Data provided: Begin
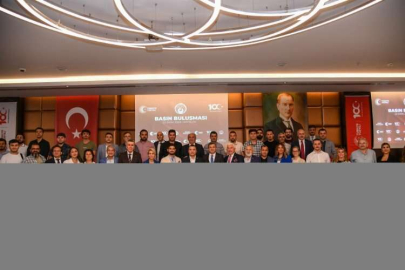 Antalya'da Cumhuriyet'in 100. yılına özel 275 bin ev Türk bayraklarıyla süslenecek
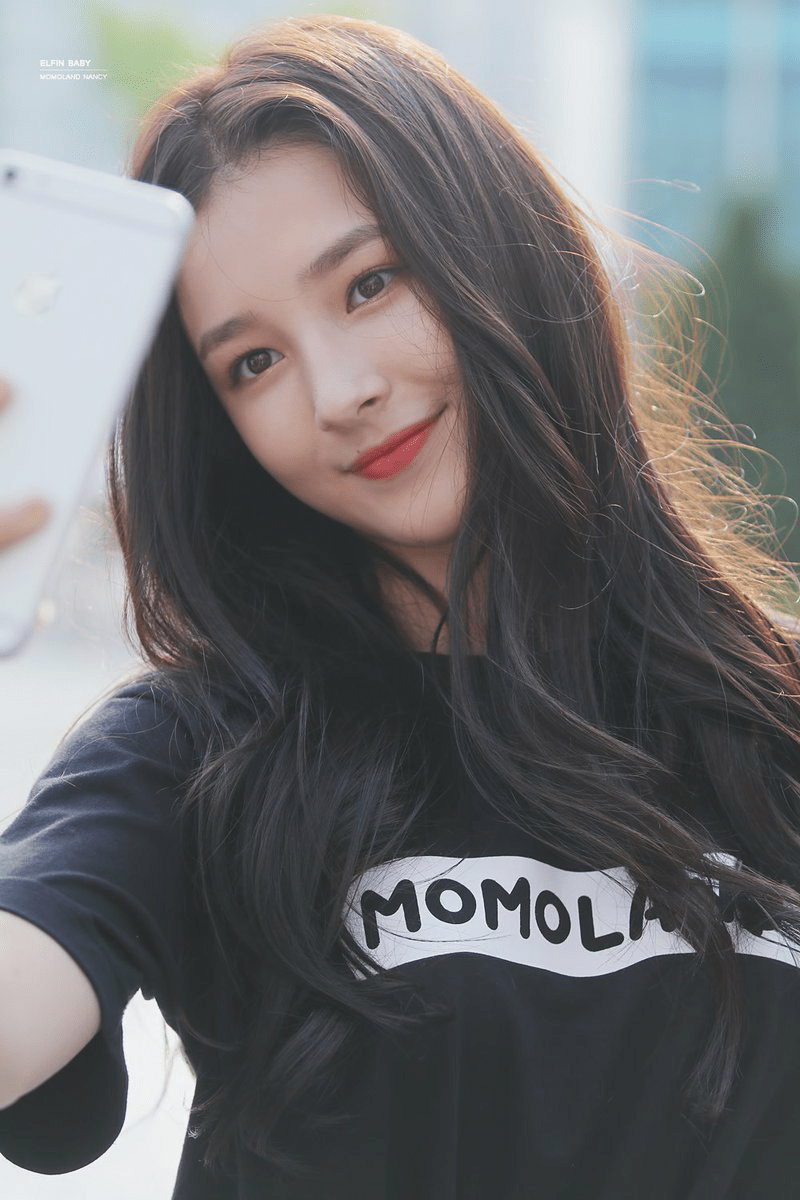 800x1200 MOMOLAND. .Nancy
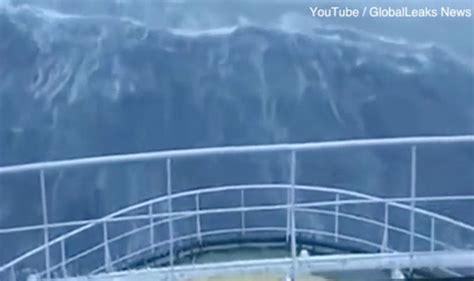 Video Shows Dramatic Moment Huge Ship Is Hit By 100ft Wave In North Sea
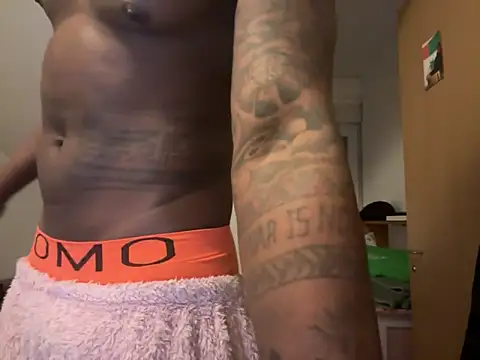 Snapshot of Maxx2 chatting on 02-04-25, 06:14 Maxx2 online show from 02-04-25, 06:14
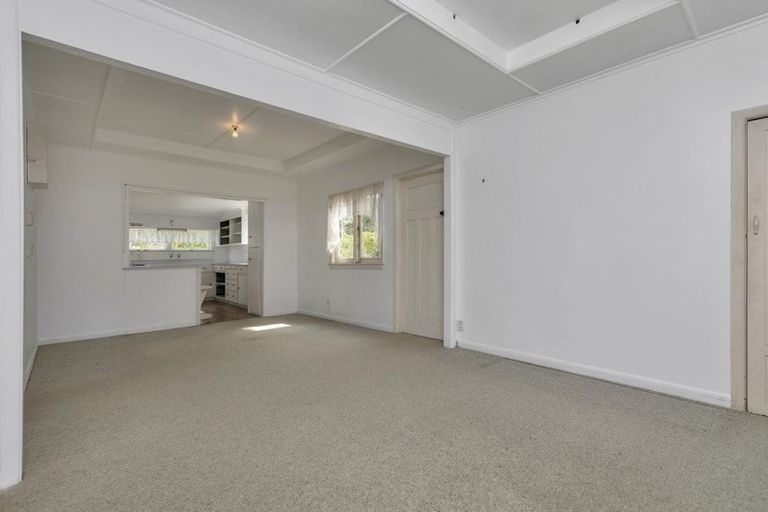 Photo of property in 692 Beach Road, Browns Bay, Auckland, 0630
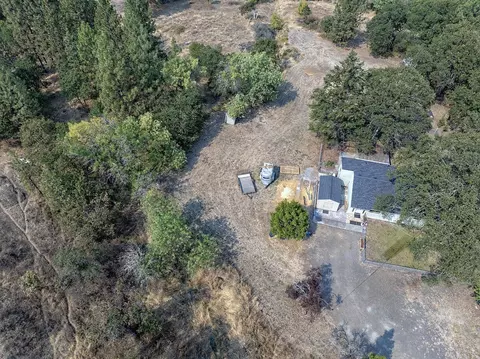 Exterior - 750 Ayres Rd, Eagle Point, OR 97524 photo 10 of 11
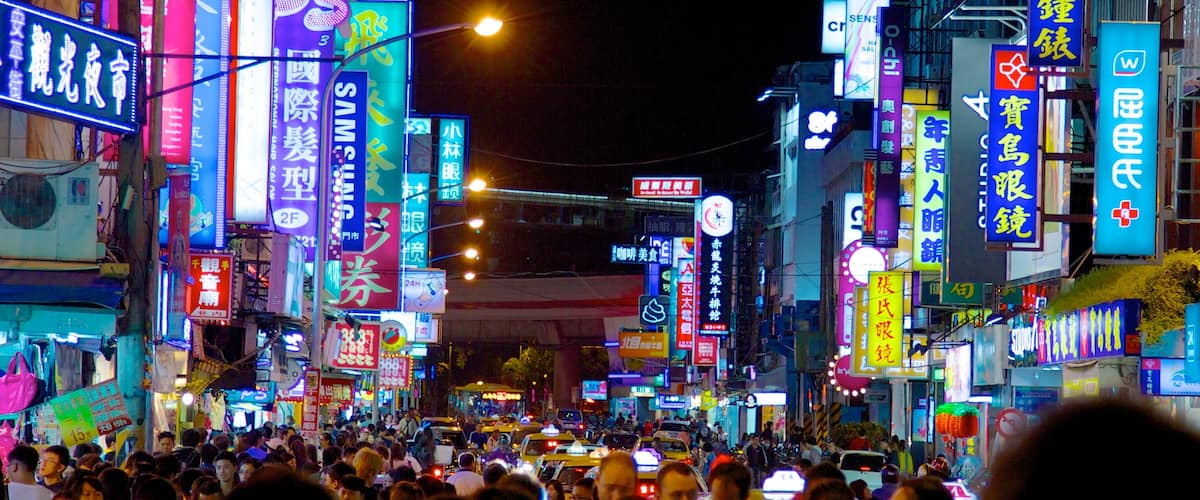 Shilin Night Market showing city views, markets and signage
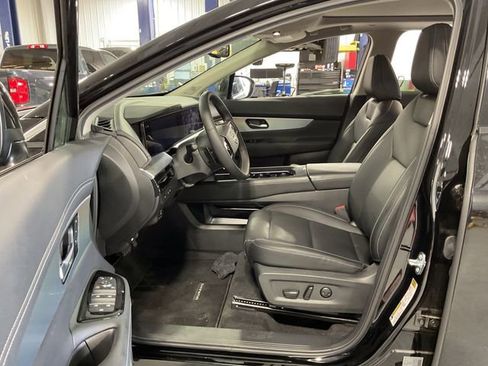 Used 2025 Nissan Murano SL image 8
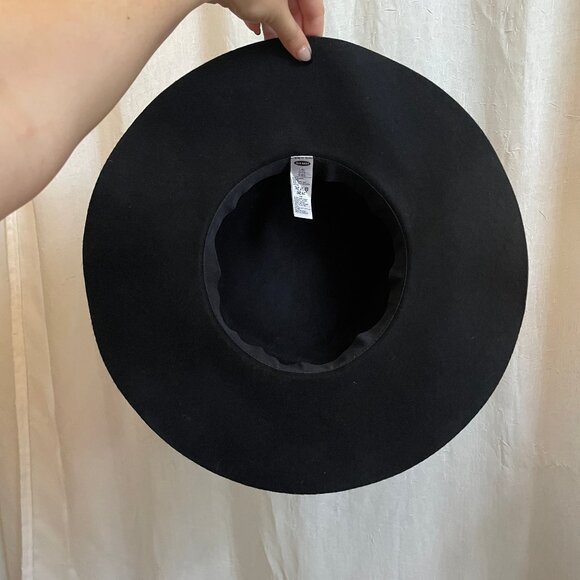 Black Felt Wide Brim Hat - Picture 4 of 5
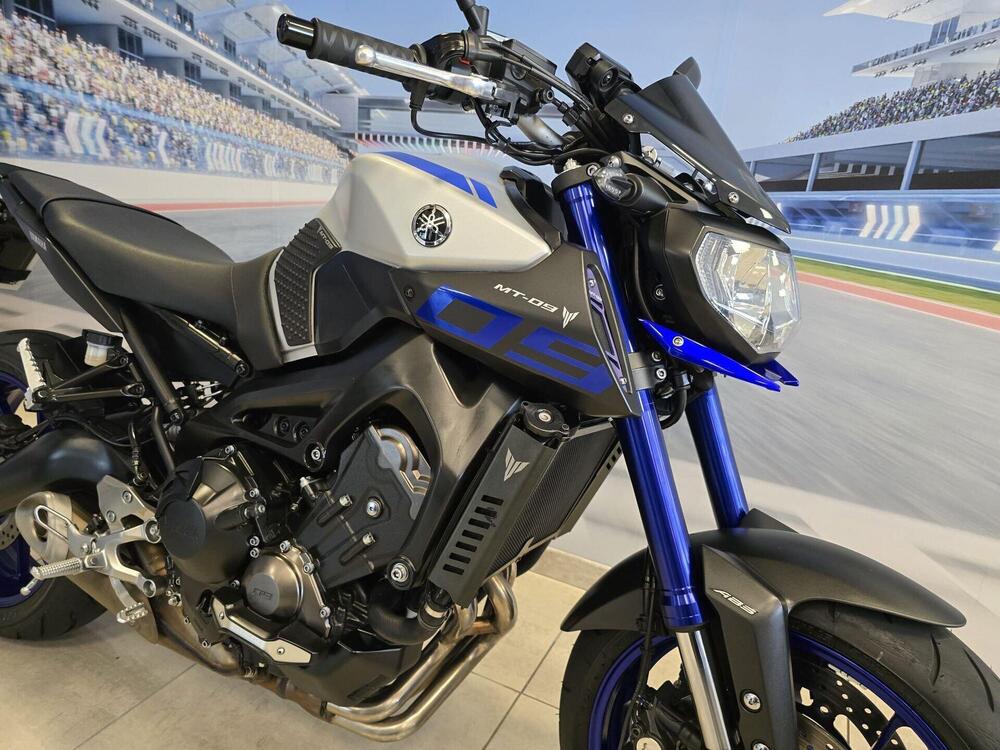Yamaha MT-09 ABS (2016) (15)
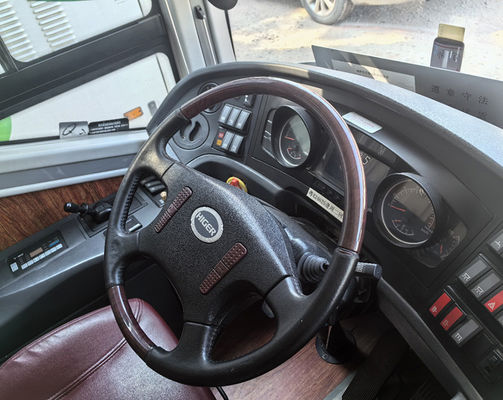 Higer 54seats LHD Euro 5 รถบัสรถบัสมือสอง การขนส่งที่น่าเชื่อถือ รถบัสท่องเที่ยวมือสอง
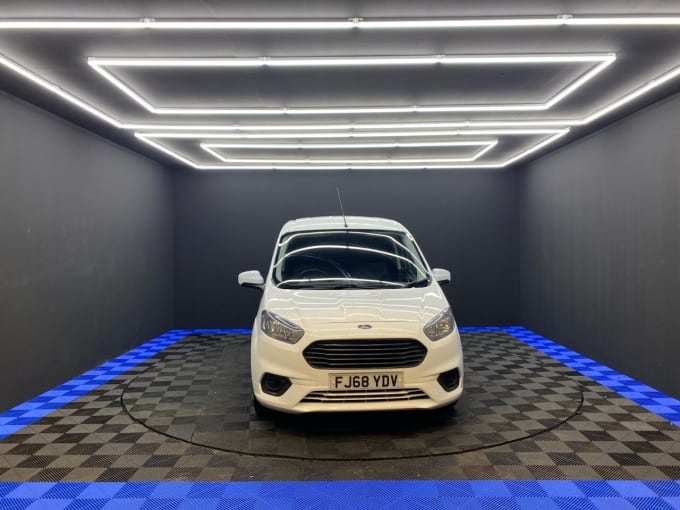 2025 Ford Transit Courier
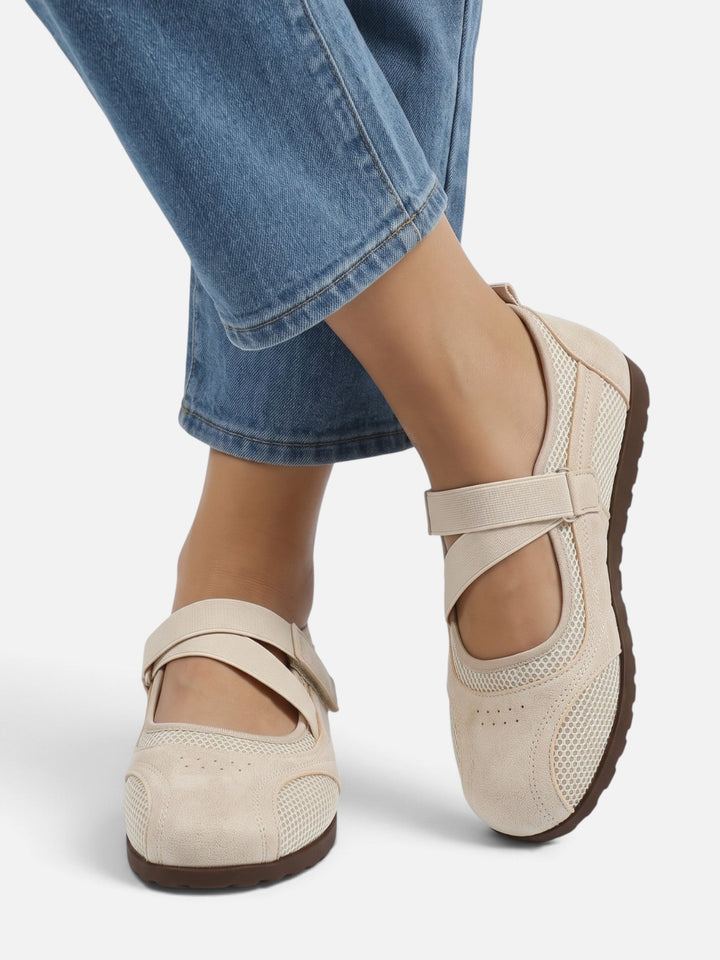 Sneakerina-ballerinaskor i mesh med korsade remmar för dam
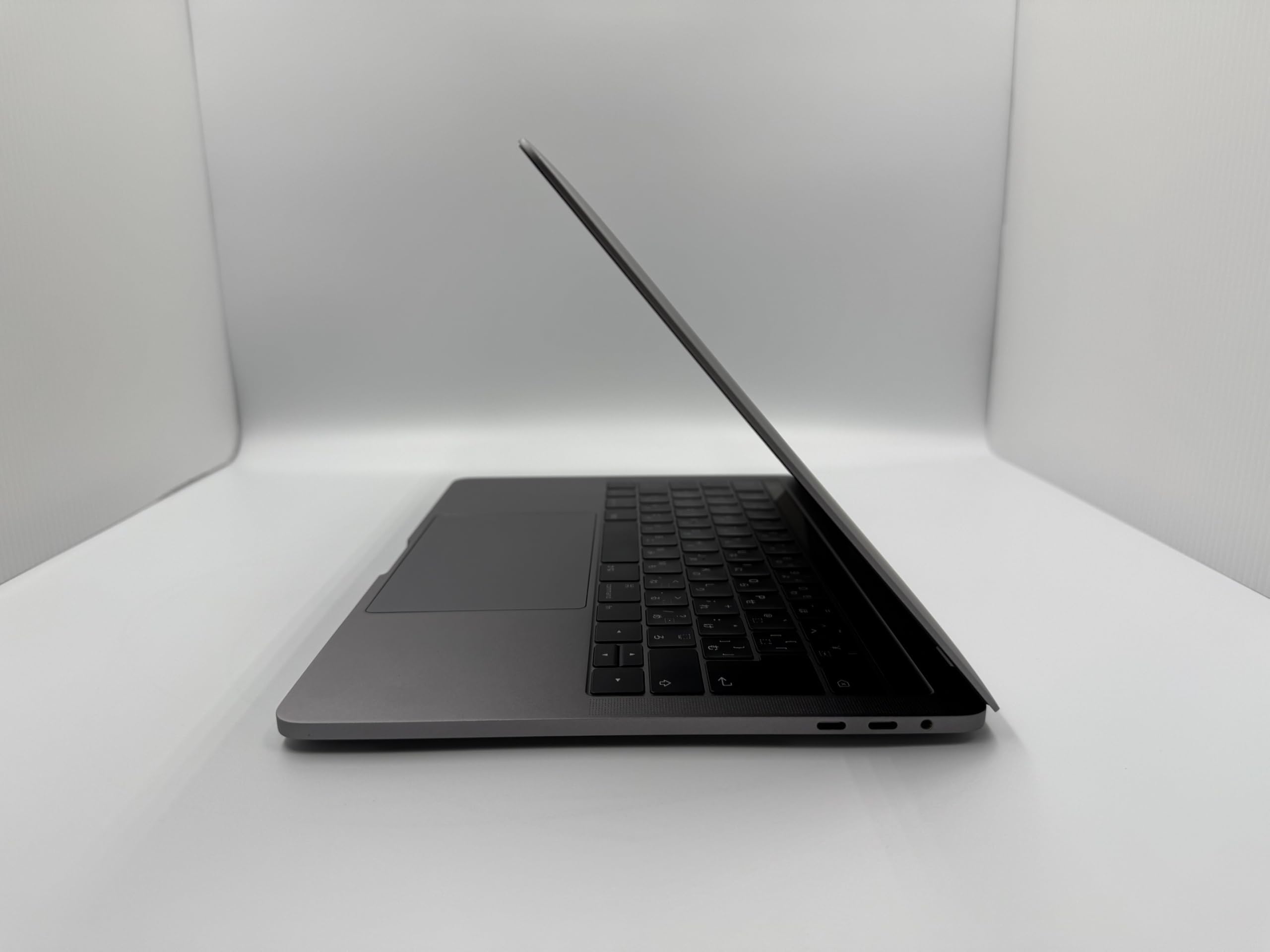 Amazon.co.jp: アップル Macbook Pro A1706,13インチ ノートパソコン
Data provided: End
■ Description of the task: Please write out exactly the lines from the one containing "Photo of property" through the last line of the records above, and leave out any pictures.

■ Task output:
 Photo of property in 692 Beach Road, Browns Bay, Auckland, 0630
 Exterior - 750 Ayres Rd, Eagle Point, OR 97524 photo 10 of 11
 Shilin Night Market showing city views, markets and signage
 Used 2025 Nissan Murano SL image 8
 Black Felt Wide Brim Hat - Picture 4 of 5
Yamaha MT-09 ABS (2016) (15)
 Higer 54seats LHD Euro 5 รถบัสรถบัสมือสอง การขนส่งที่น่าเชื่อถือ รถบัสท่องเที่ยวมือสอง
 2025 Ford Transit Courier
 Sneakerina-ballerinaskor i mesh med korsade remmar för dam
 Amazon.co.jp: アップル Macbook Pro A1706,13インチ ノートパソコン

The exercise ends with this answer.